25 August 2023
Web Scraping and Data Mining with R
The widespread accessibility of the internet and the ongoing digitisation of information has transformed how people communicate and share knowledge. These changes have provided new possibilities for social scientists who can now use large sources of publicly available online data to gain new insights about individuals and their social environment. Creative uses of unsolicited online data can provide a unique window into people’s behaviours, attitudes, and beliefs in the context of significant social, political, and economic realities. Such “big data” approaches have led to significant advances in our understanding of the dynamics of political ideology, risk attitudes, health, wellbeing, misinformation, consumer behaviour, and sustainability, among many others.
The aim of this course is to introduce the core concepts and methodologies for web scraping and data mining approaches in R. During the sessions, participants will learn about the sources and types of online data that can be accessed by social scientists. They will also develop new skills in how such data can be scraped/harvested/extracted. In a series of practical exercises and activities, participants will learn about managing their own big data science projects and solving challenges associated with ethical considerations, data wrangling and formatting, web crawling, and data exploration through visualisation. During the course, participants will apply their new skills as they embark on their first data mining project under the supervision of the course lead. On the completion of the course, participants will be equipped with the necessary skills to identify, extract, process, and visualise large volumes of online data.
Course Structure
The entire course is split into theoretical and practical parts. Each day will begin with a class covering one of the core web scraping and/or data mining topics. Early afternoons (after lunch) will be devoted to practical exercises and activities, which will require participants to apply a range of data mining techniques to collect, process, and visualise online data. During the remainder of the day (late afternoon), participants will be given the opportunity to work on their own data science project. Participants are welcome to work on their own chosen topics or select a topic from a series of pre-determined mini-projects. Materials (lecture slides, sample datasets, handouts, exercises with solutions, annotated R scripts) will be made openly available via a GitHub repository to all participants.
Detailed Overview (specific activities are exemplary and subject to change)
Day 1
Morning: Basic concepts.
• Fundamental aspects of web scraping and data mining.

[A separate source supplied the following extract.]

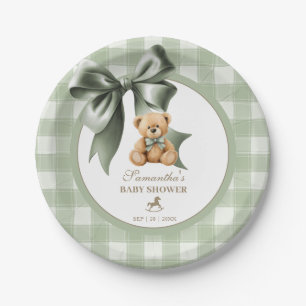 Prato De Papel Chuva de Bebê Xadrez Verde Musgo Teddy Elegante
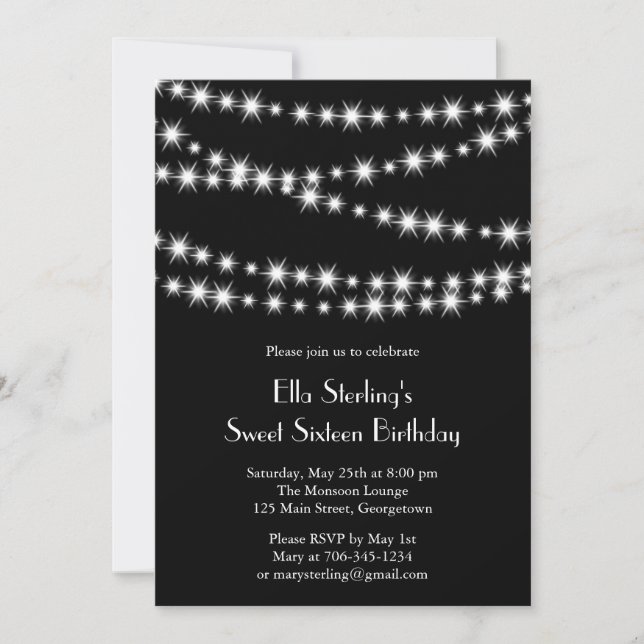Twinkle Lights Birthday Invitation (black) (Front)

• R tools and skills for acquiring and processing large volumes of online data.
Afternoon: First dataset.
• Accessing and downloading large and unstructured online datasets.
Day 2
Morning: Scraping fundamentals.
• Sources of data and methods for accessing them using web crawlers.
• Practical and theoretical challenges associated with the collection and management of unstructured online datasets.
Afternoon: APIs.
• How to access data via official REST APIs.
• Pre-processing data stored in unique data formats.
Day 3
Morning: Advanced scraping.
• Understanding html structure of public websites.
• Extracting quantitative and textual data from an unstructured web source code.
Afternoon: HTML crawlers.
• Building your own html scraper.
• Deploying web crawler and extracting data from html and css code.
Day 4
Morning: Big data pitfalls.
• Pitfalls, challenges, and misuses of large volumes of data in social science.
• Good practices for performing and managing data mining projects.
Afternoon: Visualisation.
• Identifying sources of bias in a large and unstructured dataset of online communication.
• Visualisation of online data.
Day 5
Morning:
• Project work and presentation preparation.
Afternoon:
• Presentations of individual projects.
Course leader
Dr Lukasz Walasek is an associate professor at the Department of Psychology, University of Warwick, UK.
Target group
graduate students, doctoral researchers, early career researchers, experienced researchers
Prerequisites:
Participants are expected to have basic computer and statistical analysis skills. Good knowledge of R is necessary to participate in practical exercises and activities. The course will introduce participants to the basics of html, css, and JavaScript, but no prior knowledge of these topics is necessary.
Credits info
The Summer School cannot grant credits. We only deliver a Certificate of Participation, i.e. we certify your attendance.
If you consider using Summer School workshops to obtain credits (ECTS), you will have to investigate at your home institution (contact the person/institute responsible for your degree) to find out whether they recognise the Summer School, how many credits can be earned from a workshop/course with roughly 35 hours of teaching, no graded work, and no exams.
Make sure to investigate this matter before registering if this is important to you
Fee info
CHF 700: Reduced fee: 700 Swiss Francs per weekly workshop for students (requires proof of student status).
CHF 1100: Normal fee: 1100 Swiss Francs per weekly workshop for all others.